Crooks v. Superior Court
Before: Temple
Synopsis
APPLICATION for writ of mandate to the Superior Court of the City and County of San Francisco to compel the settlement and certification of a hill of exceptions, upon appeal from order settling a guardian’s account. J. V. Coffey, Judge.
The facts are stated in the opinion of the court.
TEMPLE, J.
This is an application for a mandate to compel respondent to settle and certify a bill of exceptions.

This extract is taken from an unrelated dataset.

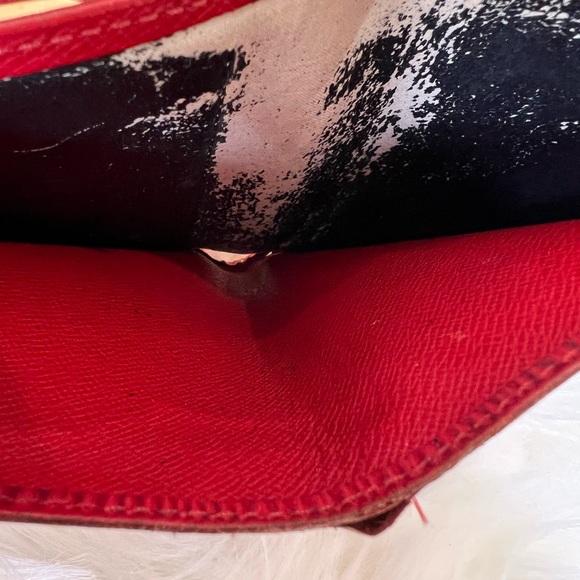 Louis Vuitton - Picture 13 of 17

From the petition, which, for the purposes of the hearing in this court, counsel for respondent admits to be true, we learn that petitioner was appointed guardian of the person and estate of his daughter, Annie T. Crooks, and duly qualified as such guardian, and as such took charge of the property of his ward. Something more than one year thereafter the ward was adjudged to have been restored to competency, and petitioner filed his account as guardian for settlement. The ward filed certain objections to the final account. On the 9th of October the matter was tried before respondent as superior judge. Upon the trial, evidence both oral and documentary was submitted, and thereafter, on the twenty-eighth day of February, 1901, the court rendered its decision, and on the fifth day of March, 1901, caused an order to be filed settling said final account. In due time the petitioner took an appeal from the order and prepared and served his proposed bill of exceptions, to which said Annie T. Crooks proposed certain amendments, one of which was, that a certain book of accounts which had been produced by petitioner at the hearing, on his cross-examination by said Annie T. Crooks, and which was then by her counsel placed in evidence, should be inserted.

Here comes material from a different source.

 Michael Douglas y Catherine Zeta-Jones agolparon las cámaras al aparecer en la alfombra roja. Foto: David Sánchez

This proposed amendment was allowed by respondent, and the bill settled and ordered engrossed as settled. Upon an attempt to engross the bill as directed, it was found that the pages of the book containing the account had been torn out and completely destroyed. Petitioner asserts that the destruction of this evidence was without his knowledge or consent, and was, he verily believes, done by Annie T. Crooks. He was therefore entirely unable to comply with the order made by respondent directing the engrossment of the bill.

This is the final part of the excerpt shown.